**Requirement**
Keep every word of the listing and drop the images when you write it out.

....

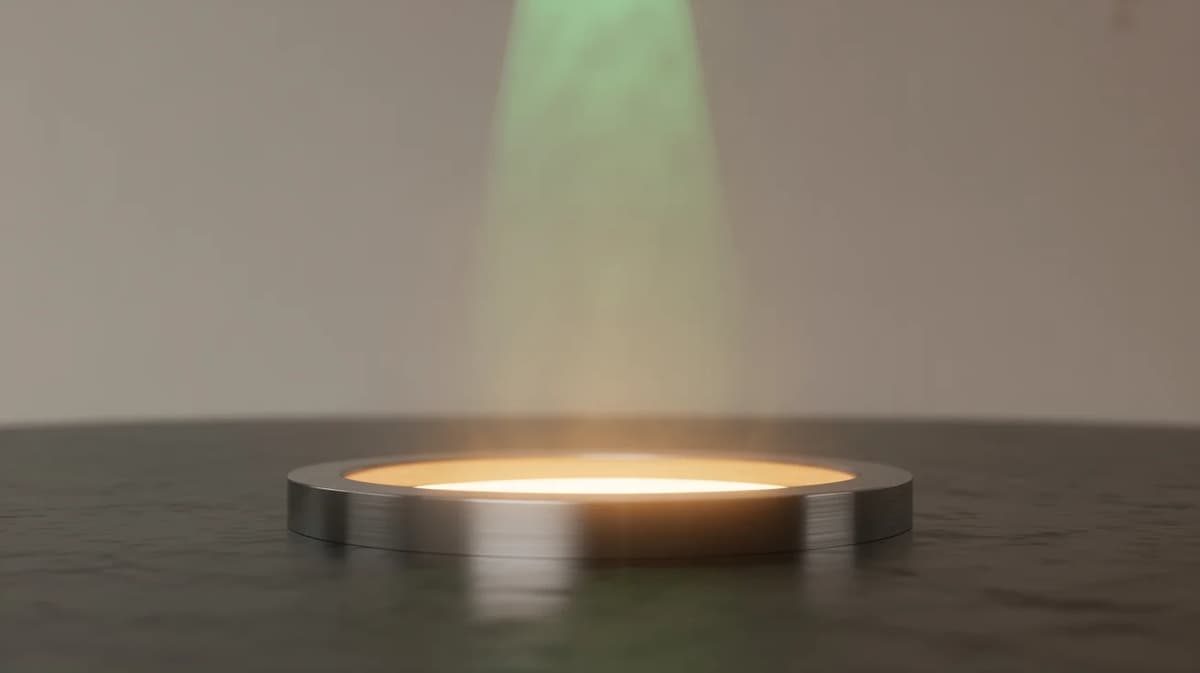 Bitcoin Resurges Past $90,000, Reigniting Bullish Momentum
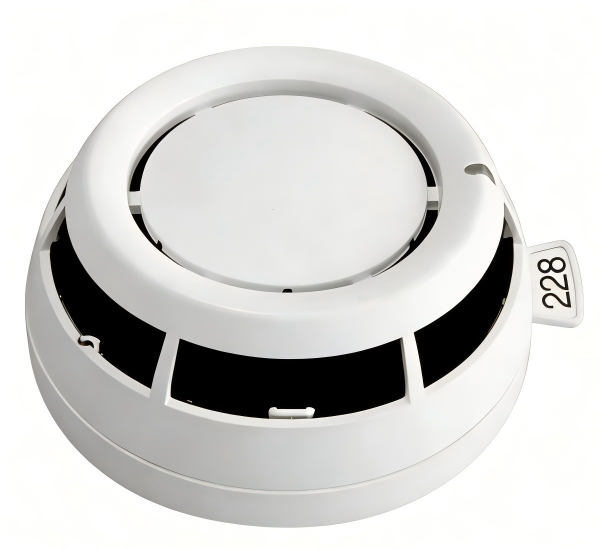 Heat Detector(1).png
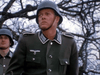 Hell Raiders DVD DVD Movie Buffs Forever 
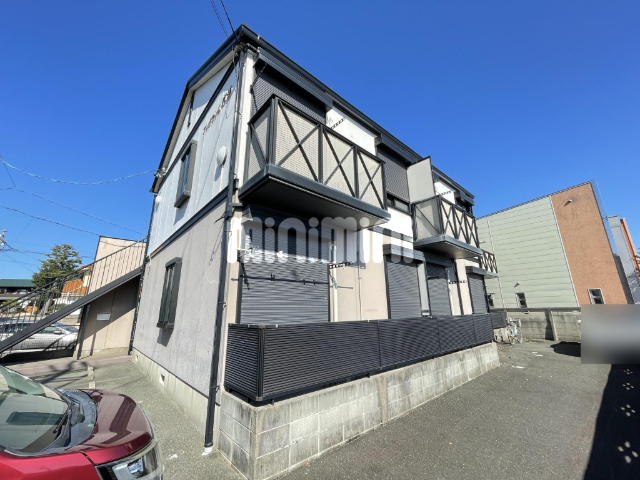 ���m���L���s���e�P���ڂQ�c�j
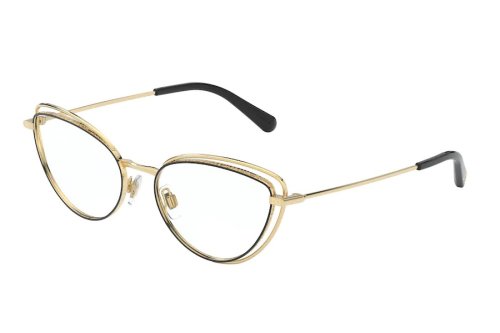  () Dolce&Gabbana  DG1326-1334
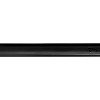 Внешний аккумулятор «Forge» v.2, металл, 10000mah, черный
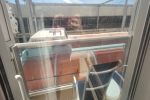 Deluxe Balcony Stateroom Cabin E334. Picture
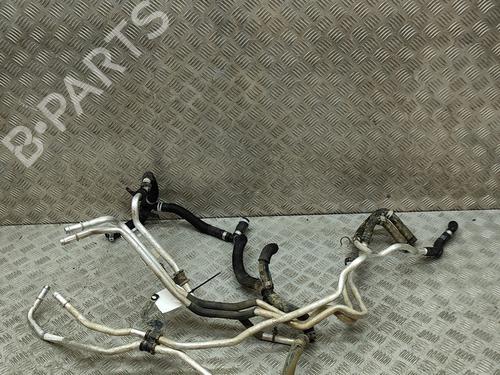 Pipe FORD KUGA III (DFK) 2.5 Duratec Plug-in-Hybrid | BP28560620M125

....

**Answer section**
 Bitcoin Resurges Past $90,000, Reigniting Bullish Momentum
 Heat Detector(1).png
 Hell Raiders DVD DVD Movie Buffs Forever 
 ���m���L���s���e�P���ڂQ�c�j
  () Dolce&Gabbana  DG1326-1334
 Внешний аккумулятор «Forge» v.2, металл, 10000mah, черный
 Deluxe Balcony Stateroom Cabin E334. Picture
 Pipe FORD KUGA III (DFK) 2.5 Duratec Plug-in-Hybrid | BP28560620M125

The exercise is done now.